In this chapter, we will introduce the fundamentals of Queuing Theory that will serve as a framework to understand the principles of DES. While Queuing Theory provides the “laws of physics” for the system at hand, DES provides the laboratory in which we experiment with those laws under complex, realistic conditions.

4.2 Queuing Theory

Before we can build a valid discrete simulation model, we must understand the mathematical logic that governs the flow of entities. Queuing Theory is the study of waiting lines. It provides a set of analytical techniques used to describe the behavior of systems where entities arrive, wait for a resource, receive service, and depart. While we often associate queues with negative experiences—standing in line at a grocery store or waiting on hold for customer support—queuing theory views the queue not as a nuisance, but as a buffer. It is a necessary component that manages the mismatch between the irregular demand for service and the limited capacity to provide it. The fundamental goal of queuing theory is to quantify the trade-off between the cost of providing service (adding more servers) and the cost of waiting (lost time or unhappy customers).

4.2.1 Anatomy of a Queuing System

We now decompose a queueing system into its basic constituent processes: the arrival, the queue and the service mechanism.

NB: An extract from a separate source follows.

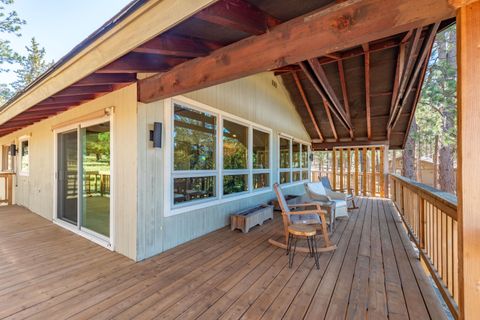 Tiny photo for 69947 Meadow View Road, Sisters, OR 97759 (MLS # 220213100)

The arrival process defines how entities appear. In most queuing models, we assume that arrivals are random and measure them using the interarrival time, which is the time elapsed between two consecutive arrivals.
The queuing mechanism defines how the holding area looks like where entities wait for service. This queue might have finite or infinite capacity, and function according to a specific principle or set of rules. The most common is a First-In, First-Out (FIFO) mechanism, where the first entity that arrived at the queue will get service first, and all other entities will advance by one place on the waiting line. However, other (less frequent) mechanisms might be used like LIFO (Last-In, Fist-Out), SIRO (Service In Random Order) or some other Priority schemes.
The service mechanism defines how entities are processed, e.g. in a serial way (only one server) or with several concurrent servers. Additionally, this mechanism is characterized by a service time, which is usually stochastic as well.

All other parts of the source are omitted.